**What the task asks**
With the images removed, write out every line below exactly.

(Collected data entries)
——————
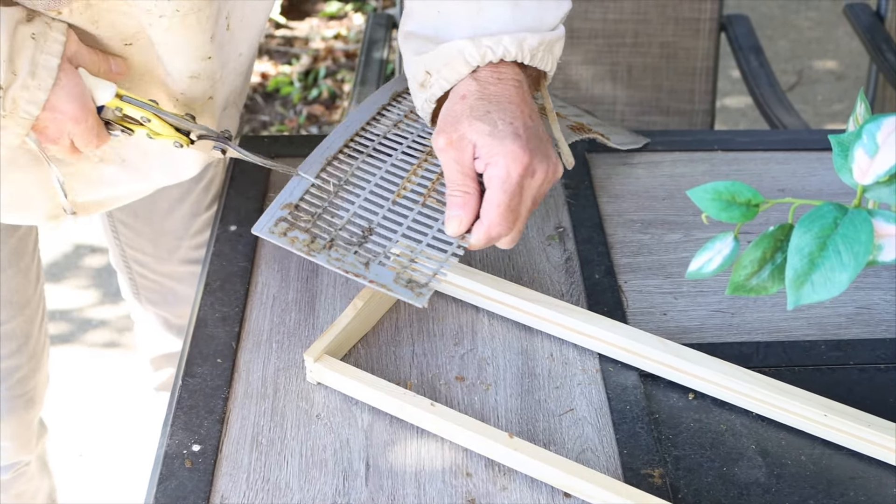In doing this experiment, a couple of things came to mind. Will I be able to overwinter queens like this? The hive is going to cluster in the wintertime, and if they cluster, will they cluster enough to keep these queens warm? What if the queens I'm banking over the winter are outside of the cluster area? If they're outside of that cluster, then they're not going to be warm.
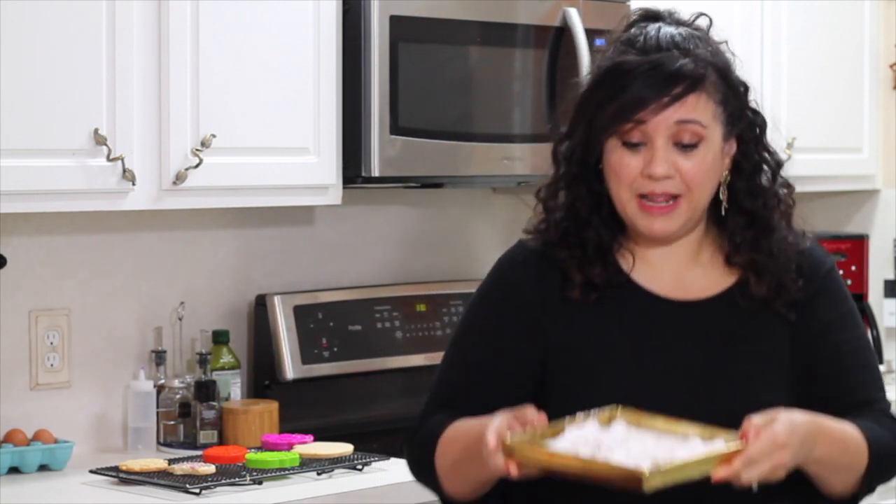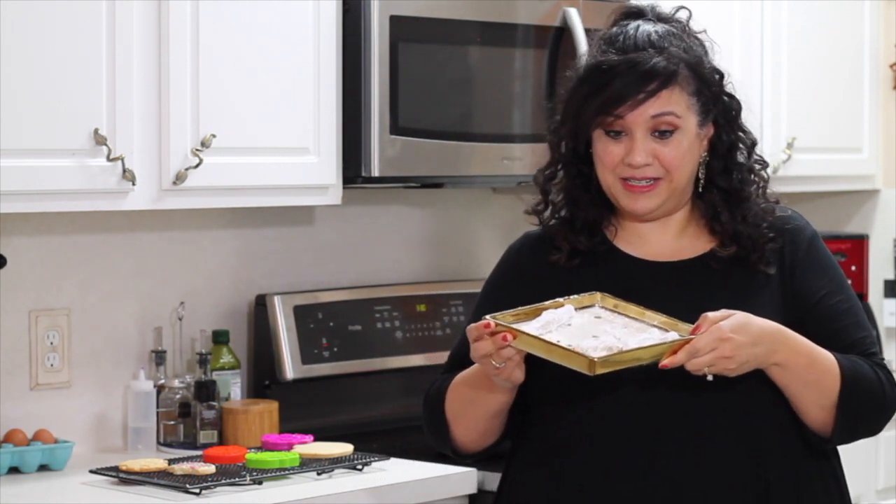Okay guys, thank you so much for coming today. I really hope that you enjoyed this recipe and this tutorial. These cookies are very, very good. They are my husband's favorite and sometimes I need to hide them because he finishes them and eats them all in one sitting — and this is what was left from yesterday. So I need to hide them so I can give them out one a day.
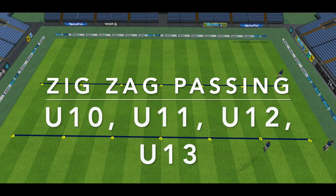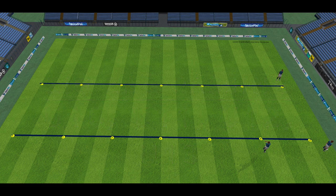Hi everyone, here is a zigzag passing drill you can use for U10, U11, U12 and U13. This drill will not only work on passing accuracy but also running off the ball.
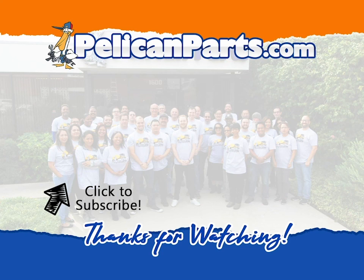Thanks for watching. Be sure to subscribe to our channel and check out another video in this series.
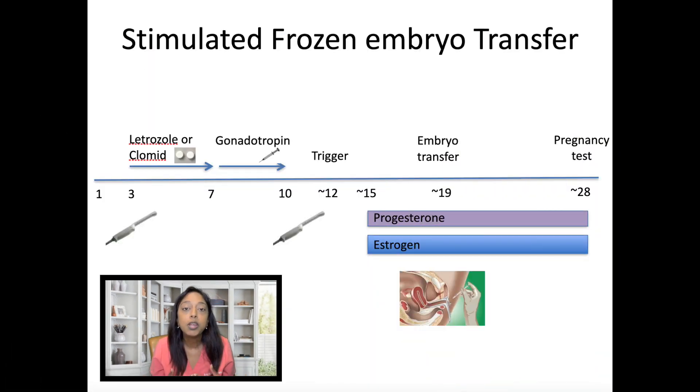The premise of the cycle is we give medications to help the woman grow two or three follicles, then trigger ovulation, and time the transfer at a particular point after ovulation is triggered — basically piggybacking off of the woman's cycle. Medications to help grow the follicles include Clomid, letrozole, injectable gonadotropins, or sometimes a combination of these.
——————
**Task response**
In doing this experiment, a couple of things came to mind. Will I be able to overwinter queens like this? The hive is going to cluster in the wintertime, and if they cluster, will they cluster enough to keep these queens warm? What if the queens I'm banking over the winter are outside of the cluster area? If they're outside of that cluster, then they're not going to be warm.
Okay guys, thank you so much for coming today. I really hope that you enjoyed this recipe and this tutorial. These cookies are very, very good. They are my husband's favorite and sometimes I need to hide them because he finishes them and eats them all in one sitting — and this is what was left from yesterday. So I need to hide them so I can give them out one a day.
Hi everyone, here is a zigzag passing drill you can use for U10, U11, U12 and U13. This drill will not only work on passing accuracy but also running off the ball.
Thanks for watching. Be sure to subscribe to our channel and check out another video in this series.
The premise of the cycle is we give medications to help the woman grow two or three follicles, then trigger ovulation, and time the transfer at a particular point after ovulation is triggered — basically piggybacking off of the woman's cycle. Medications to help grow the follicles include Clomid, letrozole, injectable gonadotropins, or sometimes a combination of these.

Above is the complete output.